*** Records provided ***

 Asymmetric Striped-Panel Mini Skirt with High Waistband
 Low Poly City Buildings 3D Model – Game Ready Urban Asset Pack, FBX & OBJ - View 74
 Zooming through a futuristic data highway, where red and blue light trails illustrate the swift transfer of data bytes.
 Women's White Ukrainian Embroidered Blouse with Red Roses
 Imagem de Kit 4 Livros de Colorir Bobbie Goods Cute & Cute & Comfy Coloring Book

*** End of Records provided ***
*** Records provided ***

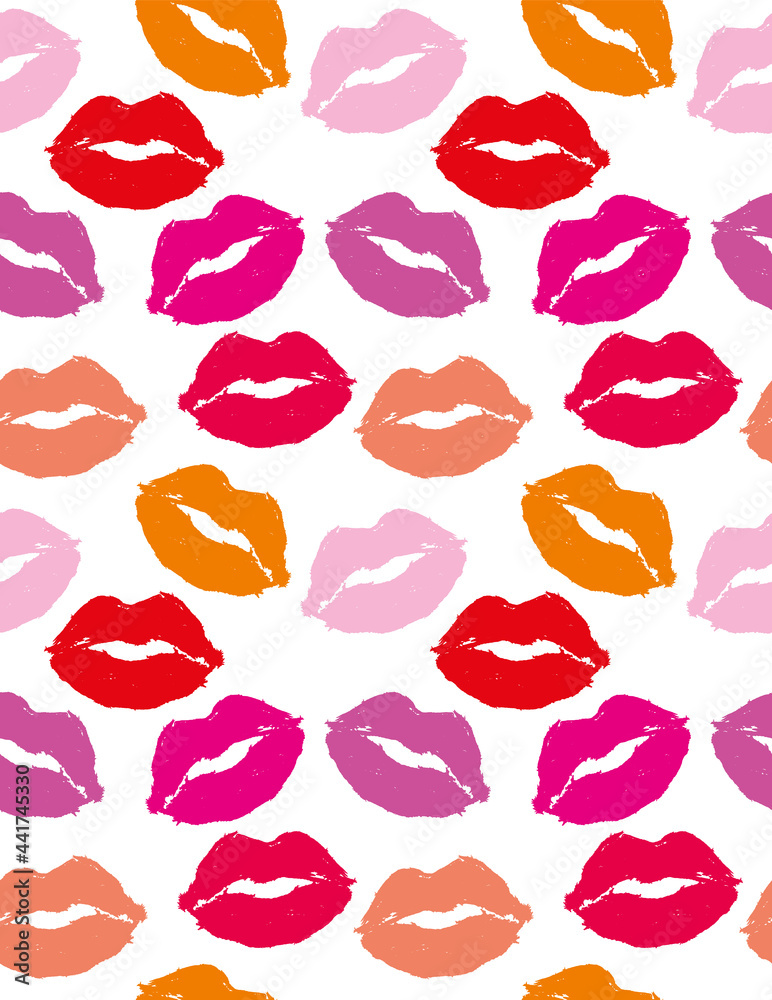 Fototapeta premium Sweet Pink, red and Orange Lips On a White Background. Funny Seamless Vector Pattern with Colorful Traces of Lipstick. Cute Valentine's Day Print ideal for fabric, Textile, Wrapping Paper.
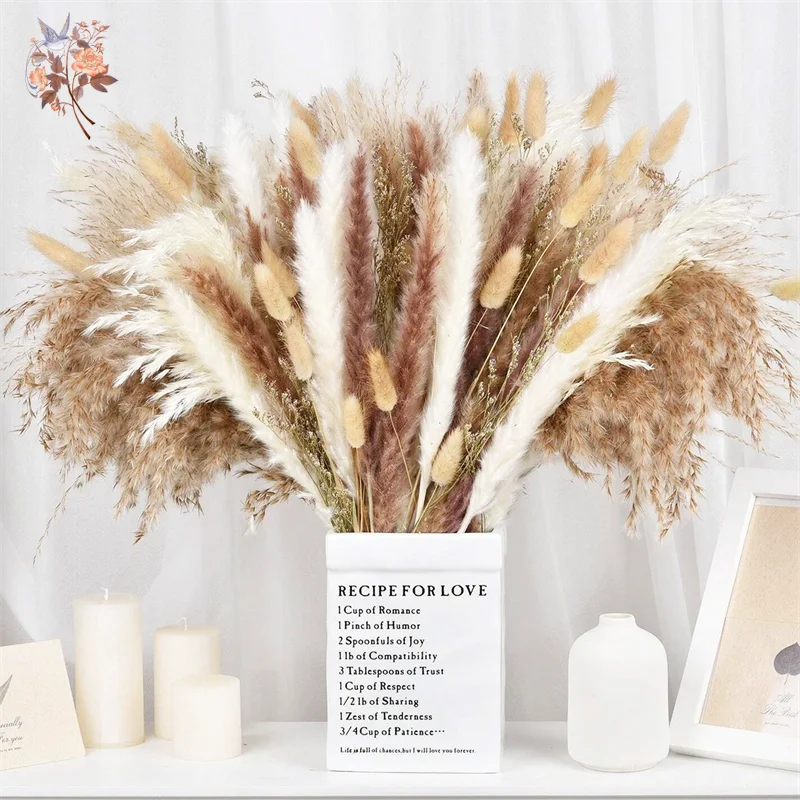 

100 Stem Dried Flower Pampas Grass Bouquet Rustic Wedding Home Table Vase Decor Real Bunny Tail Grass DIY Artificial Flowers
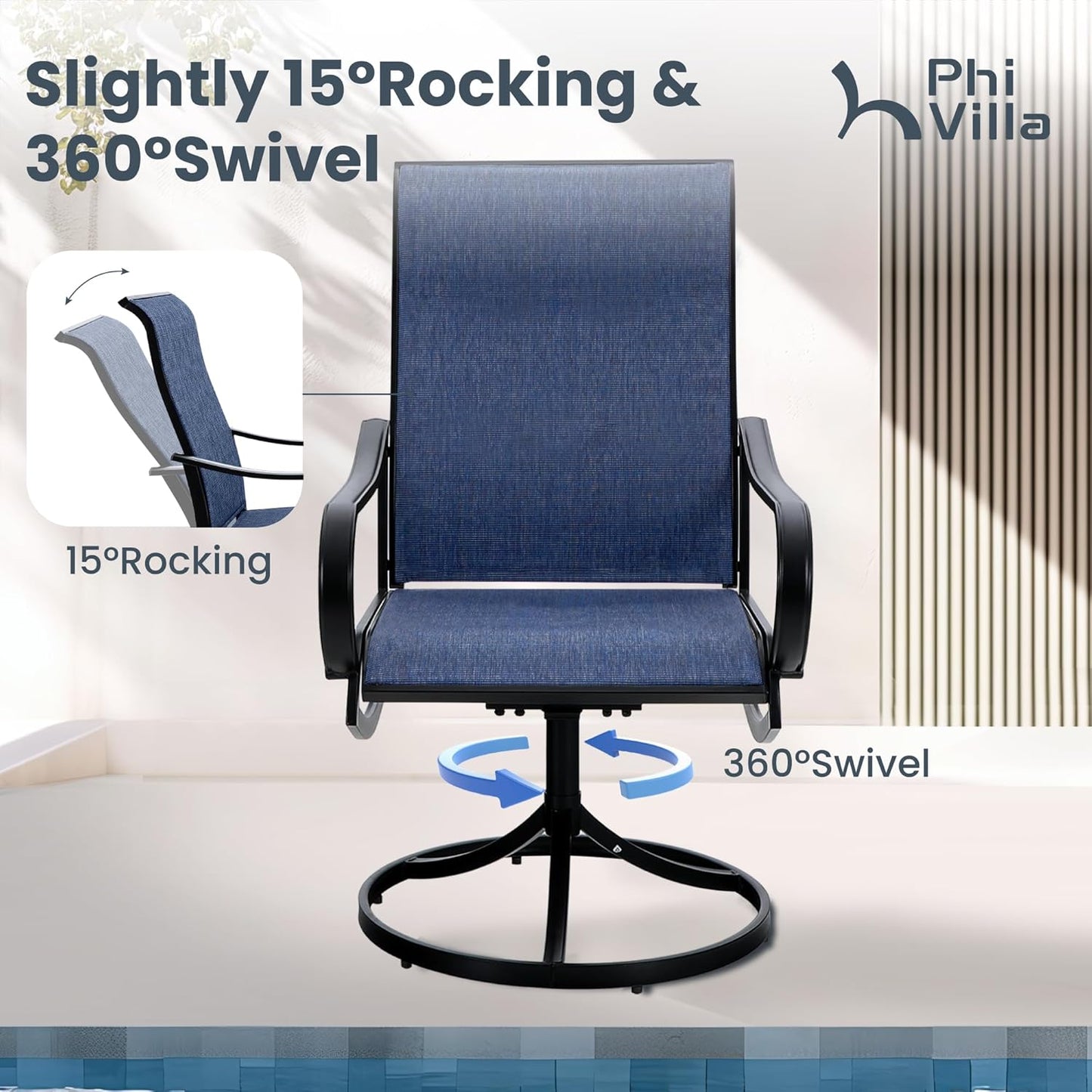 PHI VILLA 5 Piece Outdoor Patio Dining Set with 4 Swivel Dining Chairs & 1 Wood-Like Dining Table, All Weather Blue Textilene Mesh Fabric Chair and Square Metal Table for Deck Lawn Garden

*** End of Records provided ***

Every line from the one with "Fototapeta premium Sweet" through the one with "PHI VILLA 5" is to be reproduced exactly as written above, and the pictures are to be dropped.

(Result of the task):
 Fototapeta premium Sweet Pink, red and Orange Lips On a White Background. Funny Seamless Vector Pattern with Colorful Traces of Lipstick. Cute Valentine's Day Print ideal for fabric, Textile, Wrapping Paper.

100 Stem Dried Flower Pampas Grass Bouquet Rustic Wedding Home Table Vase Decor Real Bunny Tail Grass DIY Artificial Flowers
 PHI VILLA 5 Piece Outdoor Patio Dining Set with 4 Swivel Dining Chairs & 1 Wood-Like Dining Table, All Weather Blue Textilene Mesh Fabric Chair and Square Metal Table for Deck Lawn Garden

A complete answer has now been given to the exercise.